Seorang Muslim ditekankan untuk menjaga dua belas rakaat berdasarkan sabda Nabi ,

مَا مِنْ عَبْدٍ مُسْلِمٍ يُصَلِّي لِلَّهِ كُلَّ يَوْمٍ ثِنْتَيْ عَشْرَةَ رَكْعَةً تَطَوُّعًا غَيْرَ فَرِيضَةٍ إِلَّا بَنَى اللَّهُ لَهُ بَيْتًا فِي الْجَنَّةِ أَوْ إِلَّا بُنِيَ لَهُ بَيْتٌ فِي الْجَنَّةِ

“Tidaklah seorang muslim mendirikan shalat sunnah ikhlas karena Allah sebanyak dua belas rakaat selain shalat fardhu, melainkan Allah akan membangunkan baginya sebuah rumah di surga.” -Atau dengan redaksi lain- “Melainkan akan dibangunkan baginya rumah di surga.”[5][5].

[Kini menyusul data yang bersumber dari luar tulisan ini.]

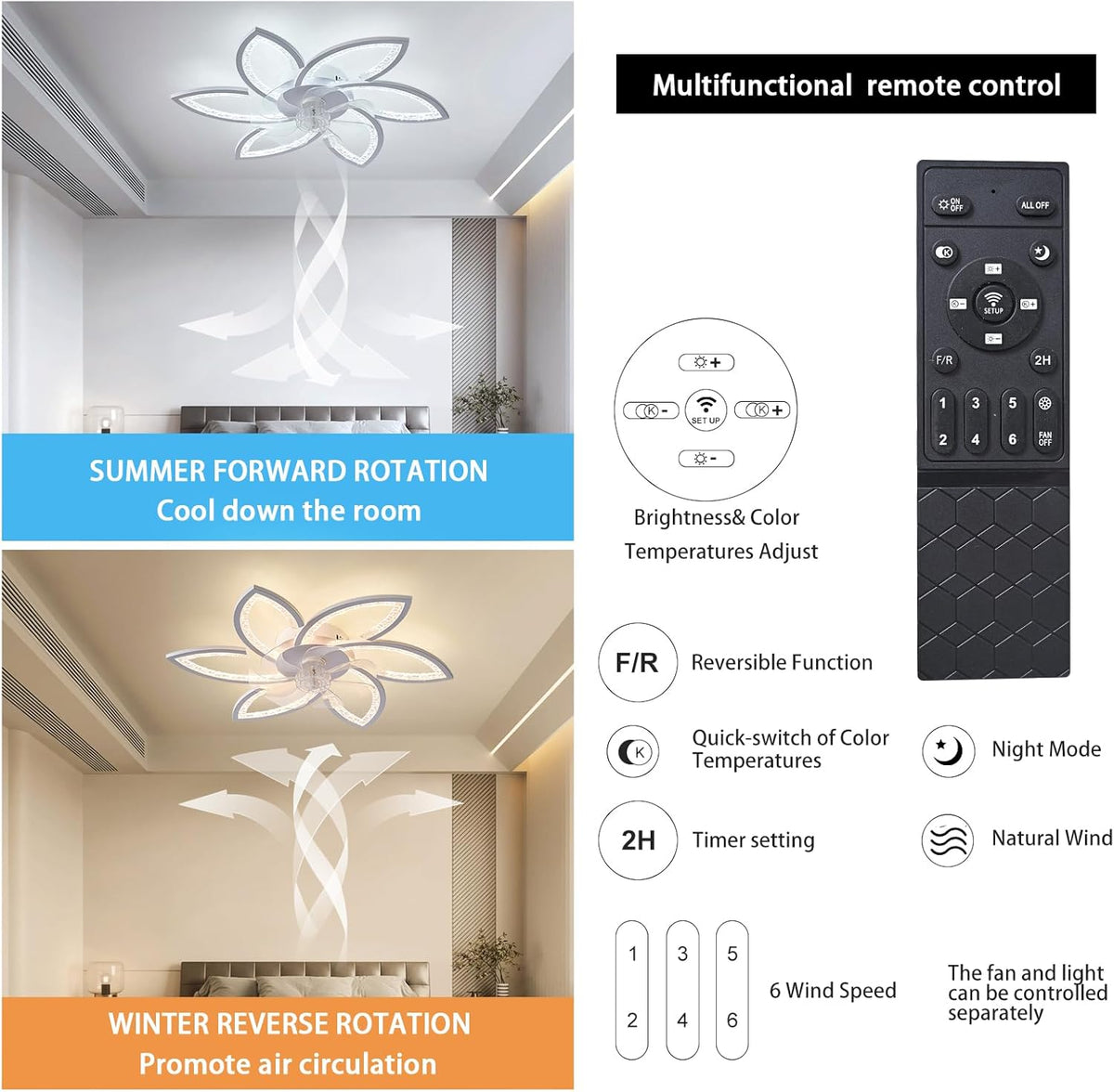 Plafondventilator met licht en afstandsbediening, moderne led-plafondventilator met variabele intensiteit, stille omkeerbare motor met windsnelheid, verstelbaar, voor woonkamer, 78 cm, wit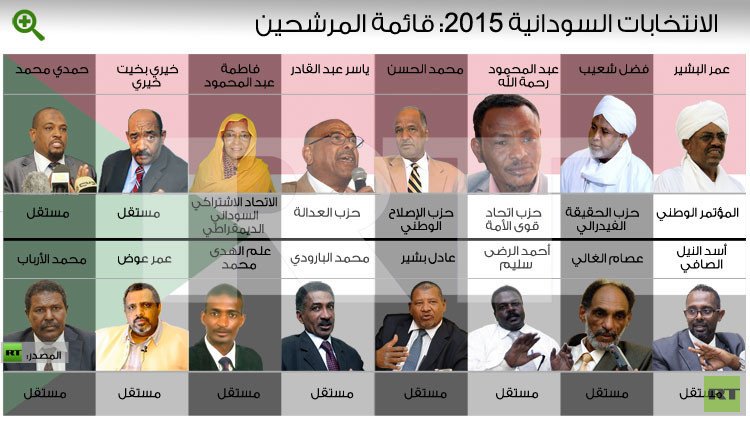 في ثاني أيام الانتخابات السودانية.. تراجع الإقبال على مراكز الاقتراع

Dua belas rakaat ini adalah sepuluh rakaat yang disebutkan dalam hadits Ibnu Umar radhiyallahu ‘anhuma, hanya saja sebelum Zhuhur adalah empat rakaat (yakni ditambah dua, Ed.T.). At-Tirmidzi menambahkan dalam satu riwayat hadits Ummu Habibah diatas,

أَربَعًا قَبْلَ الظُهْرِ وَرَكْعَتَيْنِ بَعْدَهَا، وَرَكعَتَيْنِ بَعدَ المَغرِبِ، وَرَكعَتَينِ بَعدَ العِشَاءِ، وَرَكعَتَينِ قَبلَ صَلَاةِ الفَجْرِ

“Empat rakaat sebelum Zhuhur dan dua rakaat sesudahnya, dua rakaat sesudah Maghrib, dua rakaat sesudah Isya, dan dua rakaat sebelum Shubuh.”[6][6].

Dan berdasarkan apa yang diriwayatkan secara shahih dalam ash-Shahih dari Aisyah radhiyallahu ‘anha, dia berkata,

كَانَ النَّبِيَّ صَلَّى اللَّهُ عَلَيْهِ وَسَلَّمَ لَا يَدَعُ أَرْبَعًا قَبْلَ الظُّهْرِ

“Nabi  tidak pernah meninggalkan shalat sunnat empat rakaat sebelum Zhuhur.”[7][7].

Rawatib yang paling muakkad (ditekankan) adalah dua rakaat sebelum Shubuh -sunnah qabliyah fajar-, berdasarkan sabda Nabi ,

رَكْعَتَا الْفَجْرِ خَيْرٌ مِنْ الدُّنْيَا وَمَا فِيهَا

“Dua rakaat fajar lebih baik daripada dunia seisinya.”[8][8].

Dan berdasarkan ucapan Aisyah radhiyallahu ‘anha tentang dua rakaat ini,

وَلَمْ يَكُنْ يَدَعْهُمَا أَبَدًا

“Nabi tidaklah beliau pernah meninggalkannya.”[9][9].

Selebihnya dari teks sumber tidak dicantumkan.